What do you guys think? Is it worth it? Would you like such a talk (hopefully ending up on youtube)? And do you have any experience with the RHEL/Fedora community regarding Ada?
Thanks!
Vratislav Podzimek wrote:
I'm thinking about proposing a talk (or maybe workshop) focused on Ada. My idea is to present it as an old, stable and long-time-proven language that has most, if not all, features of those new fancy experimental languages that emerged in the recent years.
Honestly, there are *some* features that Ada doesn't have, so it wouldn't be right to present it as having *all* of the features of other languages. "Most" is probably true.
I don't want the talk/workshop to be any comparison of languages, I'd just like to present many of the great things about Ada ranging from strong typing and safe syntax to memory allocation, generics, tasks and containers, hopefully incl. some new features like implicit dereferencing and getting and item at a given index. [1] In general I want it to be an appetizer and an invitation to join the Fedora-Ada community and this SIG.
[1] http://www.adacore.com/adaanswers/gems/gem-123-implicit-dereferencing-in-ada...
What do you guys think? Is it worth it? Would you like such a talk (hopefully ending up on youtube)?
I think it's a good idea. Anything that can open somebody's eyes to Ada ought to help. Do keep your expectations realistic though.

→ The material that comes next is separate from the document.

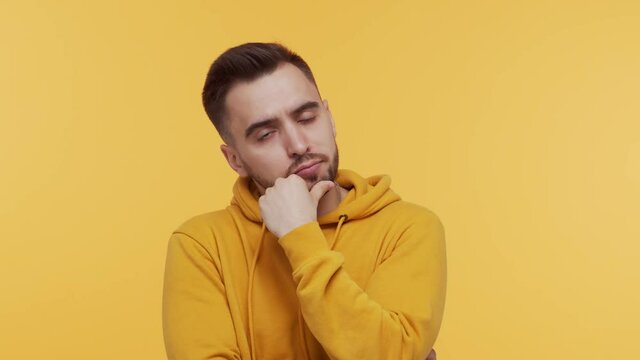 Expressive young man over vibrant background. Studio portrait of borred person.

You're not likely to convert the whole conference into Ada enthusiasts. :-)
And do you have any experience with the RHEL/Fedora community regarding Ada?
My experience is that few people in the Fedora community are interested in Ada and even fewer want to help with the packaging, but there is very little in the way of opposition against Ada. People aren't being hostile or trying to exclude Ada packages or anything like that. The community simply allows Ada tools and libraries to exist alongside all the other programming tools and libraries in Fedora.